This summer, as wildfires raged across as many as 2 million acres of American land, indiscriminately scorching forests and farmland and blanketing cities like Seattle and Spokane, Washington with smoke, winemakers all over the West and Northwest regions scrambled to protect their vines. At Bien Nacido Vineyard in California’s Santa Barbara County, staff members’ efforts to battle the Alamo fire—now 100 percent contained—bordered on cinematic: The blaze came within yards of the property and damaged neighbors’ crops, but the team used water trucks and hoses to douse the pathways around the grapes with water, resulting in a “line of demarcation between blackened hills and green vine rows [that] was thickly outlined by these barrier roadways,” reported the Los Angeles Times in July.
But a wildfire’s threat to a vineyard is more complex than burned earth and withered vines. Even if a fire leaves grapes untouched, the fruit can be affected by “smoke taint,” a phenomenon that gives the resulting wine a charred, ashy taste. Nicholas Miller, vice president of sales and marketing for the entity that manages Bien Nacido, says the smoke from the Alamo fire blew north and west of the vineyard. “At this point, we are not experiencing any of the smoke damage,” he says. “We were taken care of in all directions.”
Vintners in Oregon, however, may not have been so lucky. In the southern Rogue and Umpqua valleys—regions which produce about 20 percent of the state’s grapes, according to The Oregonian—many vineyards saw prolonged smoke exposure from the Chetco Bar, Miller Complex, and High Cascades Complex (a group of 20 fires burning in four areas) fires.
When smoke damage is suspected, grapes are often sent to labs for testing.
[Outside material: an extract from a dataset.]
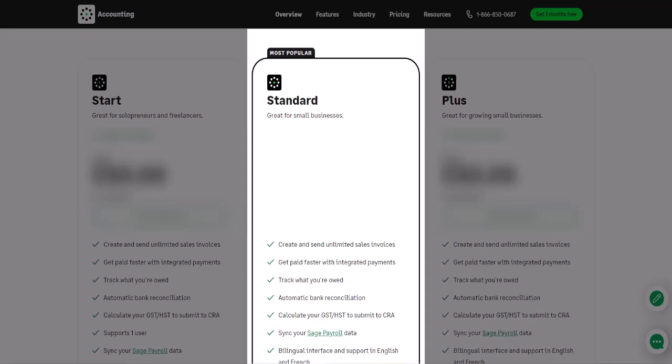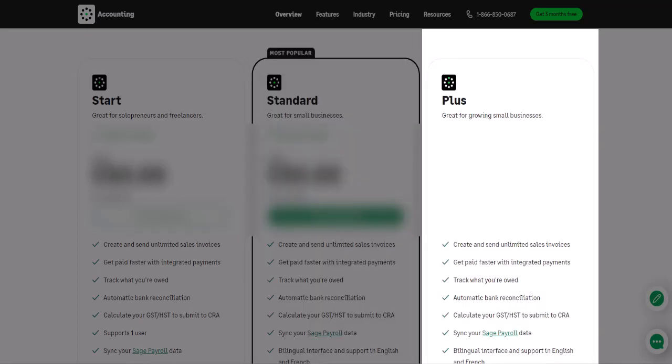Accounting Standard expands on the set of features. As our business becomes established, Accounting Plus can help us manage multiple currencies to create foreign currency transactions and start tracking our inventory to better manage our stock items.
The problem is largely invisible to the naked eye: It doesn’t affect the appearance or texture of the grapes, and recent research from the Technical University of Munich indicates it doesn’t affect the taste of raw grapes much, either. “It only becomes apparent in the finished wine that the vineyard was exposed to a fire and the final product is of poor quality,” study author Katja Härtl told industry publication Food Manufacturing. And even if smoke damage is identified and treated at any stage of production, the results aren’t guaranteed. A 2012 newsletter from Washington State University warns that even after reverse osmosis or ultra-filtration, the effects of smoke taint can disappear, only to reappear again as the wine ages.
Oregon winemaker Herb Quady told The Oregonian that initial tests have indicated this year’s grapes may be less damaged than he initially feared. “If we have the data, we can make solid red wines,” he said. And even smoke-damaged grapes aren’t totally useless: The aroma sits primarily on the skin, so vintners can adjust by making wine varieties that require less skin contact time. “We’re faced with making rose as the best alternative instead of dropping it on the ground,” Quady said.
It’s a lucrative business, winemaking. Oregon wine sales totaled more than $529 million in 2016, according to Southern Oregon University’s Oregon Vineyard and Winery Census Report. And The Wine Institute estimates California’s 2016 wine sales had a retail value of more than $34 billion. But this year’s smoke damage seems unlikely to have a major impact on the industry as a whole. “It’s best not to overplay it,” expert Gordon Burns told Wine Enthusiast last year after fires threatened California vines, prompting similar concerns. “Pretty much every year, there’s been a fire issue somewhere, so it’s bound to happen.” And the 2017 wildfires, though dramatic, are not even particularly unusual or unique, fire ecology professor Philip Higuera told Citylab this month.
Still, Higuera said that climate change prediction models show that bad wildfire years will become more and more common. “The fire season has gotten significantly longer across the West, on order of 30 days or more during the past few decades.”
In the meantime, wineries are taking extra precautions to protect their crops by maintaining fire roads on their farms that enable fire trucks to access a blaze, removing falling trees, and clearing areas around water troughs, the San Luis Obispo Tribune reports. And winemaker Herb Quady told The Oregonian he’s had some successful trials adding activated carbon to smoke-damaged grapes to minimize ashy flavors. Maybe future wine drinkers won’t even mind a little smoky finish. As the relentlessly positive Burns reassured Wine Enthusiast last year, “there are people who have had exposure and not thought of it as a negative.”